• What you need to do
Select and copy out every line in the records containing "Ribbed".

• Data for the task

Segment Open

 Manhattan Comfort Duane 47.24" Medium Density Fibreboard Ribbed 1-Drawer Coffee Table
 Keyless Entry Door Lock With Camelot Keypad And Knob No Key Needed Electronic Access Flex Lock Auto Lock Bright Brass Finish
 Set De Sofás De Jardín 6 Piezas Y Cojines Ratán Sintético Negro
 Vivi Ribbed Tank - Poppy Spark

Segment Closed
Segment Open

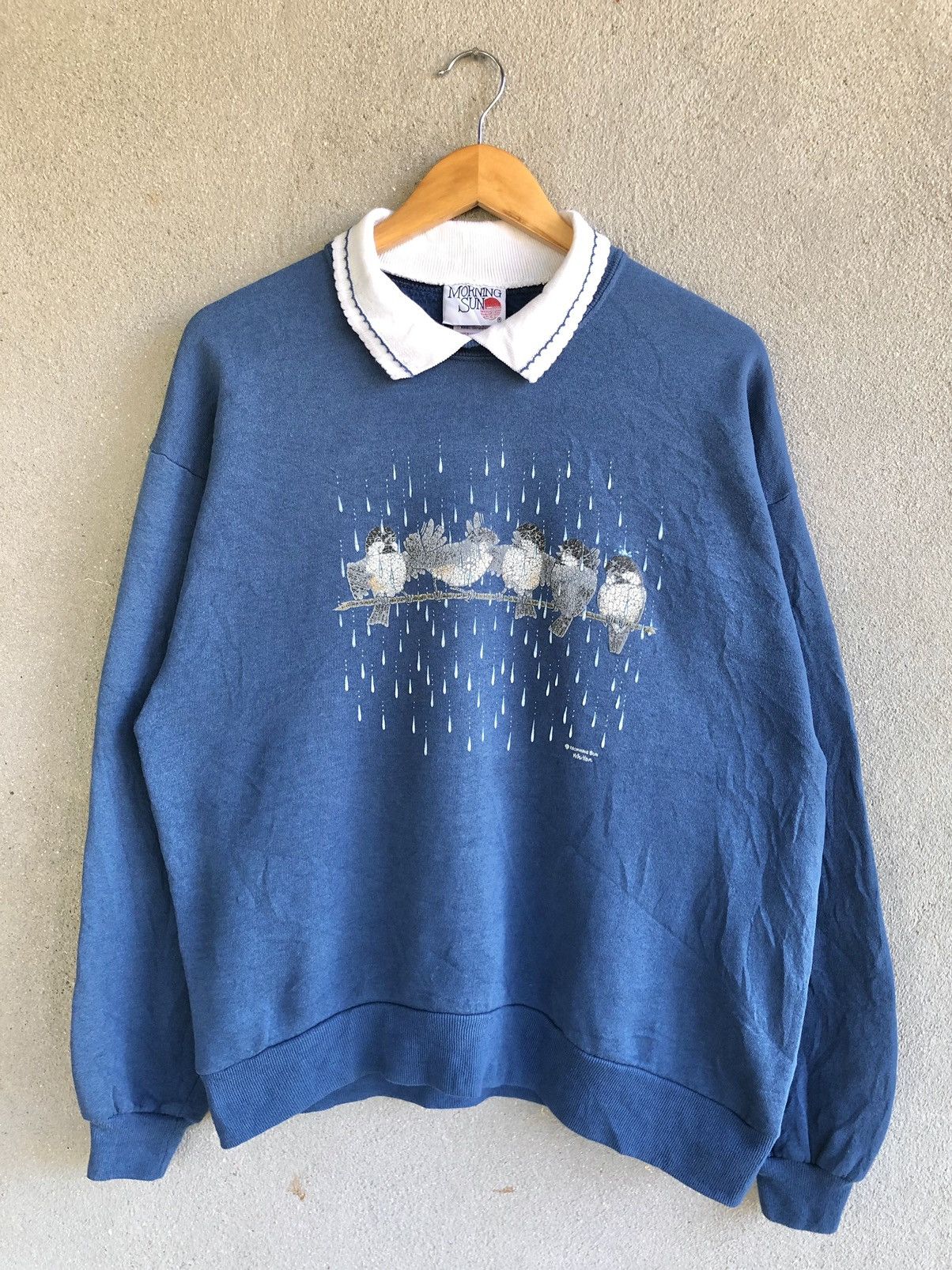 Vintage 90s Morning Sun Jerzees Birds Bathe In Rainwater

Segment Closed

• Completed exercise
 Manhattan Comfort Duane 47.24" Medium Density Fibreboard Ribbed 1-Drawer Coffee Table
 Vivi Ribbed Tank - Poppy Spark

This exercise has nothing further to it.